Sunday morning was a game time call and we decided to switch up our location to somewhere a bit more remote. We arrived at the launch at 5:30 am and ended up being the only party to hunt the entire lake all day long. While motoring out in the early morning, we managed to kick up several wood ducks, teal and mallards, and the driver of the boat even managed to catch a teal with his bare hands after it hit him in the face while flushing up. When daylight broke, we were surrounded by thick fog and none of the birds we kicked up decided to fly back in. We had looks at two small flocks of ringnecks and managed one from each flock and a lone drake mallard. 

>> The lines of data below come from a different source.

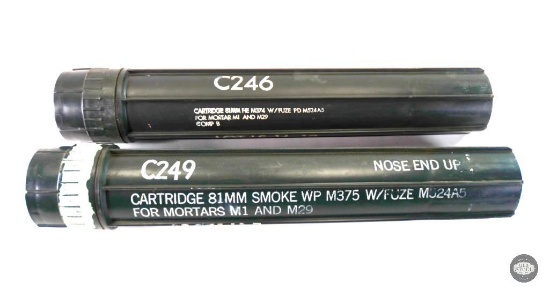 Two Cases for 81mm Round & Fuse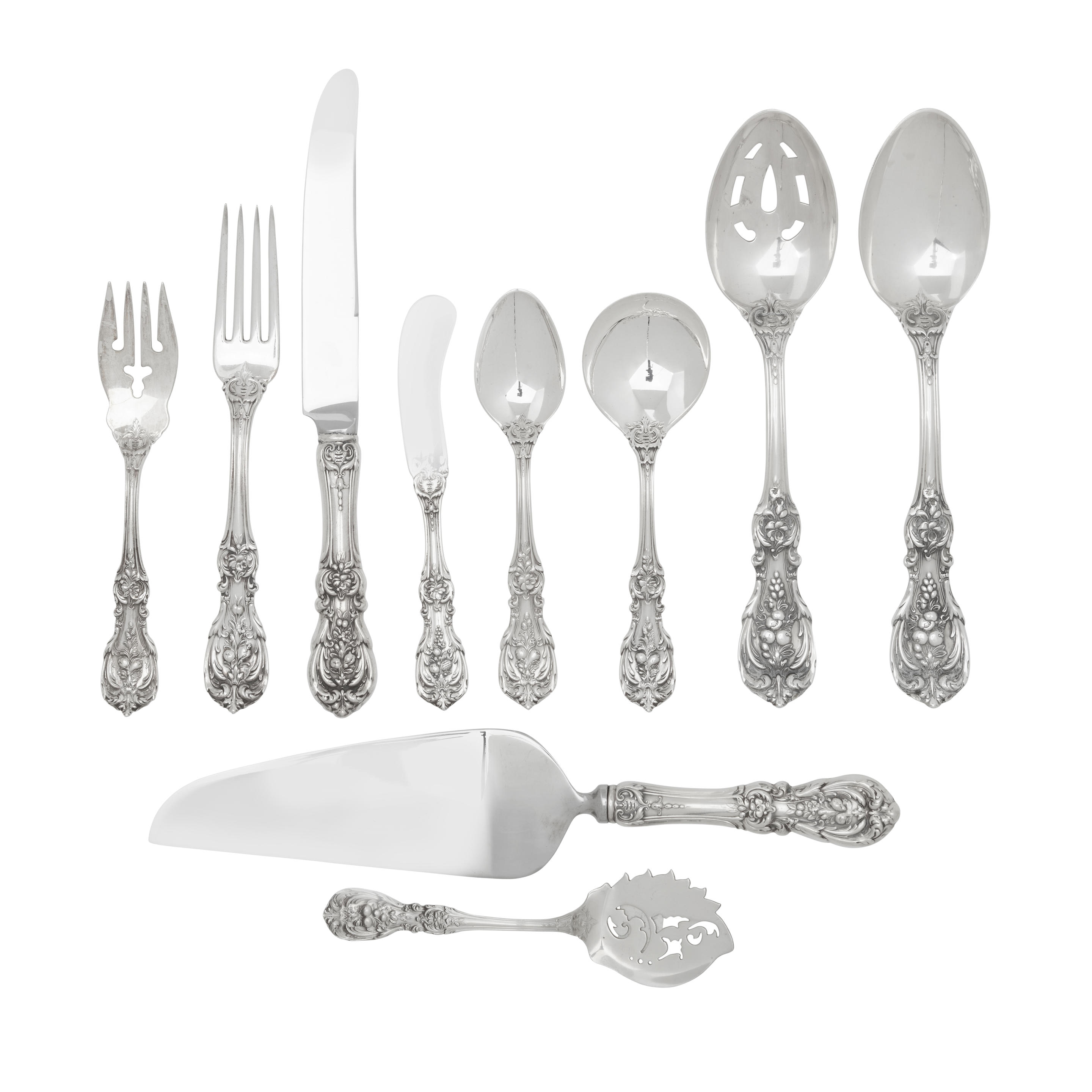 Appraisal: AN AMERICAN STERLING SILVER FLATWARE SERVICE FOR TWELVE by Reed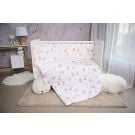 Set lenjerie pat, 60 x 120 cm, Smile Bumbac Ranforce, Lorelli, Beige Bunnies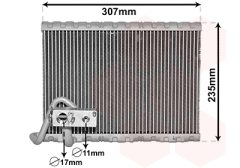 VAN WEZEL 4000V401 — Evaporator aer condiționat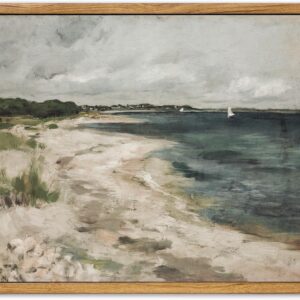 KBKBART Vintage Wall Art, Retro Coastal Seaside Beach...
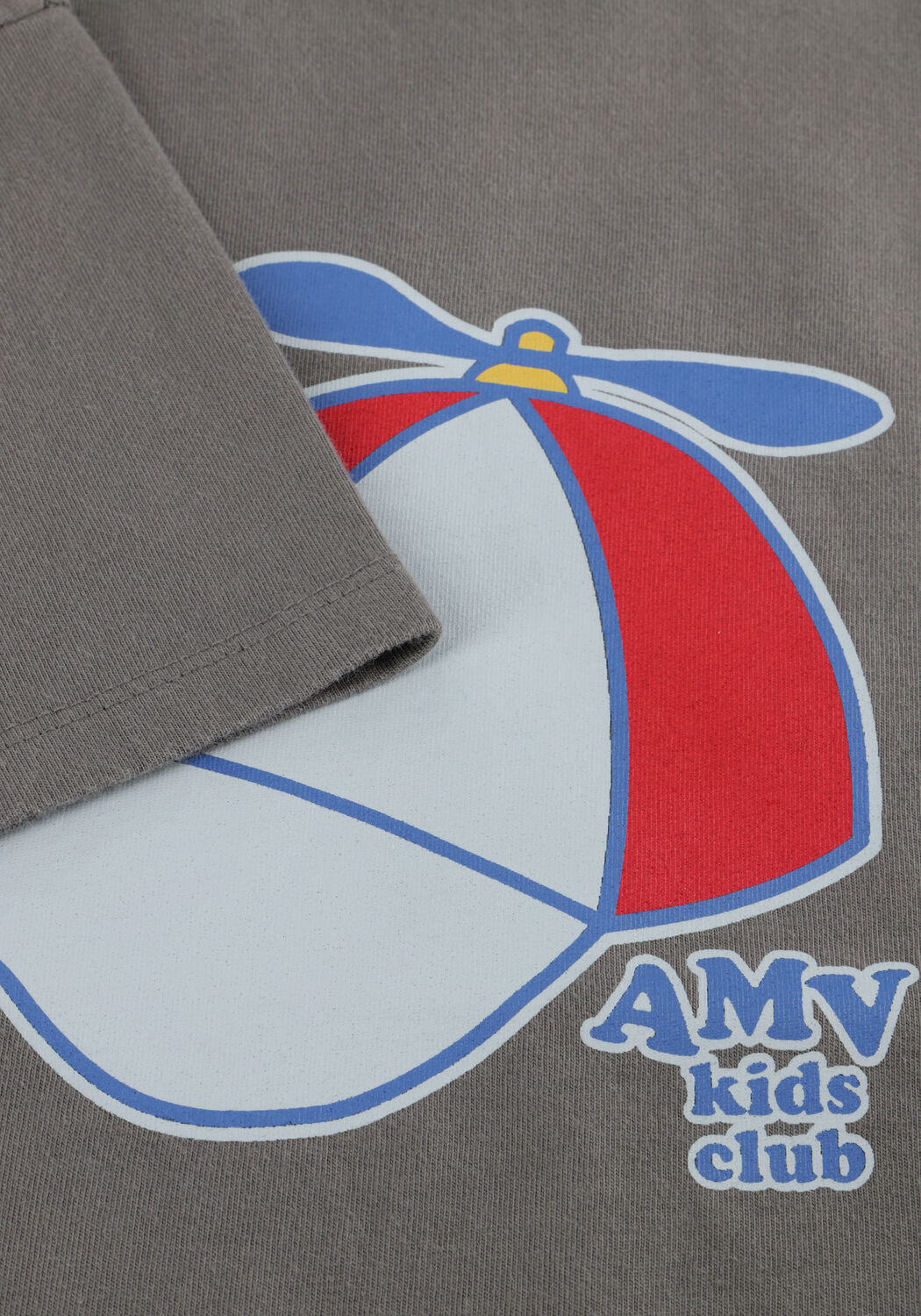 Grijze AMERICAN VINTAGE T-shirt FIZVALLEY - large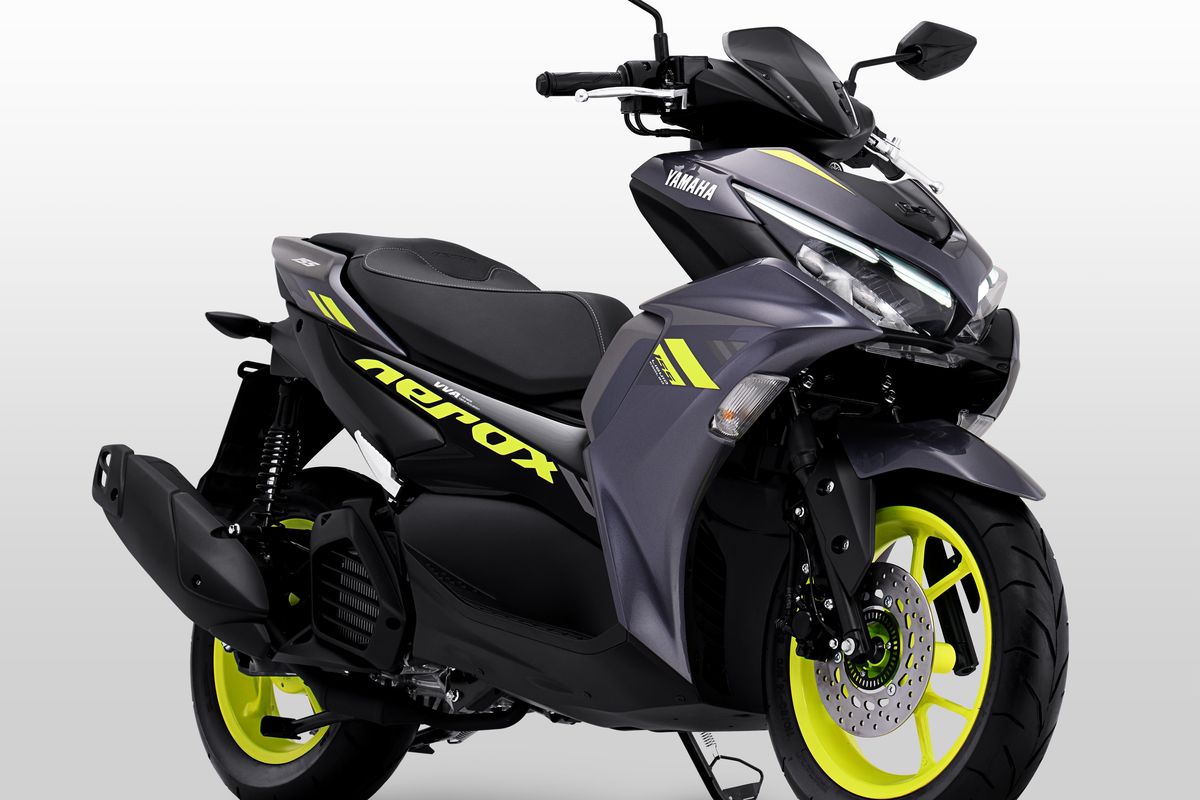 Yamaha All Nee Aerox 155 Connected resmi meluncur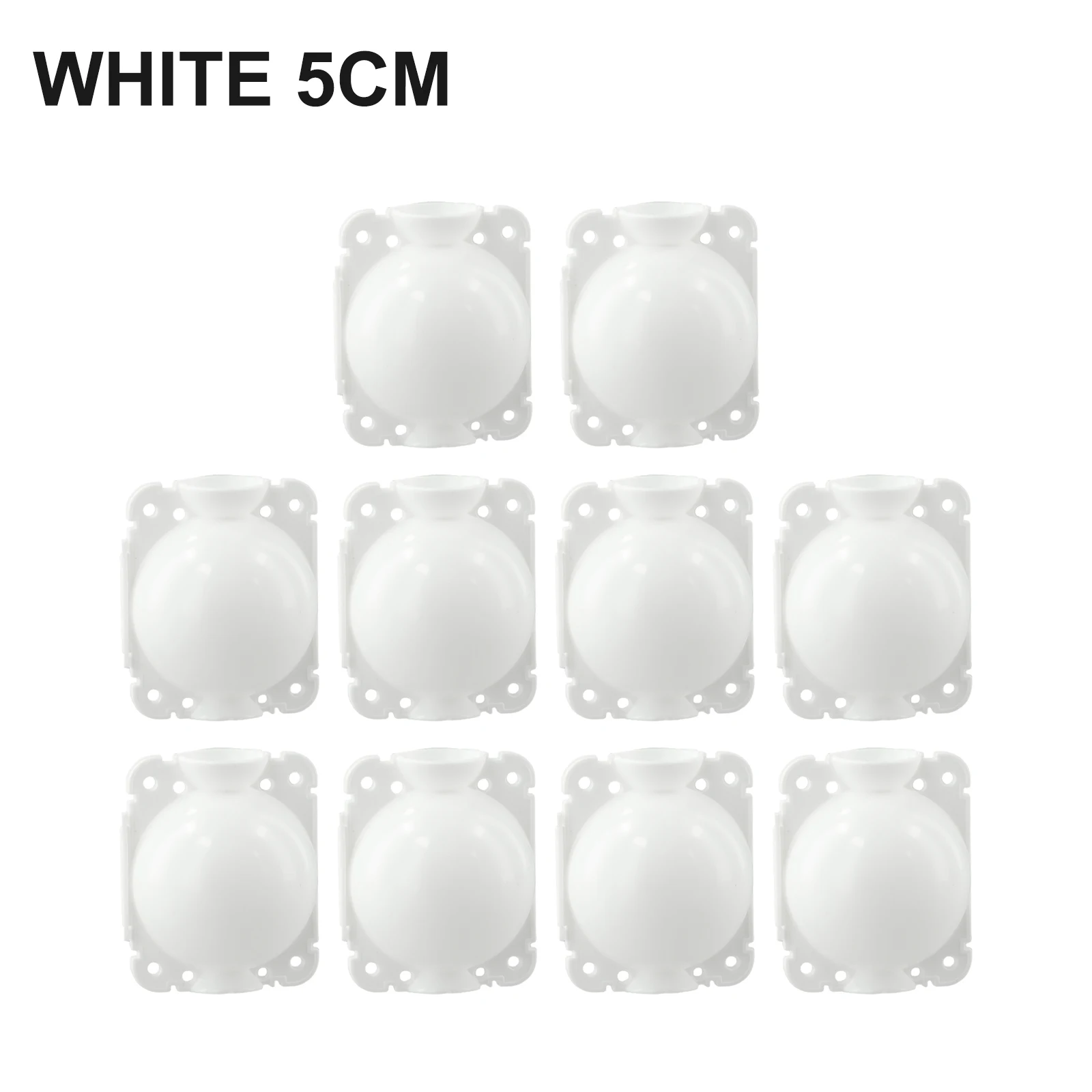 10pcs Plant Rooting Ball Root Growing Box White Reusable Rooting Ball Grafting Tools High Pressure Propagation Box 5/8cm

We didn't kill limits of ducks this weekend, but we had a great time in the blind and came home with some great stories!


----------



## LakeEffectMDHA (Dec 15, 2011)

Thanks for the update, feel free to post some photos if you can!


----------



## bc21 (Dec 15, 2010)

Posted using Outdoor Hub Campfire


----------



## Puddler-Hunter (Aug 25, 2010)

Louie arrived early this morning and he thought he would enjoy the warm sunny day today before heading back on the road tomorrow evening to Clare County. We talked over the plans and Louie is excited to see some new areas he normally wouldn't be seen in. Should be an interesting few days.


----------



## LakeEffectMDHA (Dec 15, 2011)

Puddler-Hunter said:


> Louie arrived early this morning and he thought he would enjoy the warm sunny day today before heading back on the road tomorrow evening to Clare County. We talked over the plans and Louie is excited to see some new areas he normally wouldn't be seen in. Should be an interesting few days.


 
Thanks for the heads up!! Make sure and take lots of pictures and post them here on the thread with reports when you get a chance!


----------



## Puddler-Hunter (Aug 25, 2010)

Had a great weekend with Louie even though we had bluebird weather the entire time. I hunted with my partner Ed in Clare County this weekend who lives in the area. Our first day was friday the 11th and we decided we would do an easy walk in hunt, an area we both haven't hunted in at least 4 years. It was a gamble since it wasn't scouted and it can be a hit or miss spot. The morning was foggy and it was a bit tricky getting to our spot but we managed and set up shop with plenty of time for some coffee and conversation. After about twenty minutes into shooting time three birds screamed in low over the brush and landed straight into our decoys. We were standing at the time as they took us by complete surprise. We ducked low into the brush but they never saw us. We both weren't sure what they were since it was still a bit dark and thick fog but I was quite positive they weren't mallards from their shape. After a little hesitation we jumped them up and Ed connected with his first shot. One of the other three flew to my side and I missed on my first shot but was able to connect on my second shot sending it just thirty feet to the side of me on dry ground. When I walked up to the duck I shot it was what i thought it was a pintail. They turned out to be the only birds we saw that morning but it was a great day and hunt since both of us had never shot a pintail before, a day for the memory books.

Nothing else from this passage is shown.